Scope’s work is the difference between feeling that you’re completely on your own and feeling that you’ve got somebody on your side. I feel really privileged in the job that I do because people let you into their lives and their family’s lives, generally speaking, at really awful rock-bottom tough times, and for people to trust you like that is a really humbling thing. I quite often get people saying it’s just so lovely to be able to talk to somebody who they can feel safe talking to without being judged
Ollie Rees, Scope Information and Advice Worker

ICAP’s support has also help fund the charity’s Face 2 Face Parenting Befriending Networks. Scope reached over 3,000 people through its Face 2 Face service last year, offering parents of disabled children one-to-one emotional and practical support from a local network of trained befrienders, who are themselves parents of disabled children. Susanne joined her local Face 2 Face group which has explored emotional support through setting up a writing group for parents called Paperweights. They published an anthology of stories in their local community to highlight the unique challenges and joys of raising a disabled child.

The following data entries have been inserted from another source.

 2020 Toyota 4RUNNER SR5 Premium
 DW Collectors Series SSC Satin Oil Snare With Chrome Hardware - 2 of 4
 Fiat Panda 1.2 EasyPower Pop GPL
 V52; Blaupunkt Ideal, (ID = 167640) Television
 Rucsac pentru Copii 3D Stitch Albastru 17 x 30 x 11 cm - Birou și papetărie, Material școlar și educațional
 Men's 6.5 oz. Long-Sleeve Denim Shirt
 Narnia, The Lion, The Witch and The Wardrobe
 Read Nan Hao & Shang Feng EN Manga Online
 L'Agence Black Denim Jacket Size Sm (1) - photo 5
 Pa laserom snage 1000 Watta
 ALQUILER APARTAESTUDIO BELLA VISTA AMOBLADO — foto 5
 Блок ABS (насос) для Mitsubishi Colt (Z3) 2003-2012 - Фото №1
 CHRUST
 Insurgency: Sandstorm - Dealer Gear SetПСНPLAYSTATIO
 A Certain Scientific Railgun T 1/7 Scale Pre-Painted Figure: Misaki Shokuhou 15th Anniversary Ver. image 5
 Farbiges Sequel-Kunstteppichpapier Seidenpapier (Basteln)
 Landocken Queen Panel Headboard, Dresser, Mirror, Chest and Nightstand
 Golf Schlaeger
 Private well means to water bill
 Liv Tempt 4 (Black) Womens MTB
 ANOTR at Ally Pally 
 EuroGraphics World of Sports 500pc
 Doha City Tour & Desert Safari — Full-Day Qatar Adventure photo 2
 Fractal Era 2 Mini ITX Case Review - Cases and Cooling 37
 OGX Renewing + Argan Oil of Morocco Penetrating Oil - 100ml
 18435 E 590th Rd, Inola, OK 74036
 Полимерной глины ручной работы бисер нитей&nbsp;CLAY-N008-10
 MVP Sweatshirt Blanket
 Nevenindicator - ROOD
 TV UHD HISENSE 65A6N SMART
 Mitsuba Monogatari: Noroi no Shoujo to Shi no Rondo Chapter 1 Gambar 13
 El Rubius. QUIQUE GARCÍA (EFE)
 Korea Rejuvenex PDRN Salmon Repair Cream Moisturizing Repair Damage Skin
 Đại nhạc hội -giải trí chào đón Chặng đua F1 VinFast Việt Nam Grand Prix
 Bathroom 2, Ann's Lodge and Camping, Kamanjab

I got Mia’s diagnosis in the middle of an open-planned office, it felt like my whole world had ended. Something went through my mind - Oh you’re not a REAL mum now - I went through two periods of illness due to stress. [The local Face 2 Face service] has changed my life. Scope helps to change people’s lives for the better
Susanne, Mother to Mia

“Yes we face problems, every day. I had to give up that job. My daughter’s care needs are so random and the appointments with all the professionals so numerous I can no longer work 50 hours per week. My job no longer fitted my life. So now money is tight, but my life is at last starting to fit me. My daughter has helped me connect to my heart.” – extract from Paperweights Anthology. 

ICAP Amsterdam support has also funded the continuation of training and workshops called Sleep Solutions. Scope’s Sleep Practitioners are trained to use cognitive and behavioural techniques to address disabled children’s night time sleep patterns, benefiting not only the child but their other family members too. Sarah is one mum who was experiencing extreme sleep deprivation. For five years her daughter Florence, who has autism, would regularly wake up to seven times during the night. It meant Sarah was often surviving on just two hours sleep and her family was suffering. “Scope’s Sleep Solutions was ground-breaking for me, absolutely ground-breaking. I came away from the Sleep Solutions workshop excited and empowered. The results were incredible.” 

Thanks to ICAP Amsterdam Scope will ensure that the right support is there for parents who have a disabled child, so that they can become stronger and more resilient, and provide the best start in life for their child.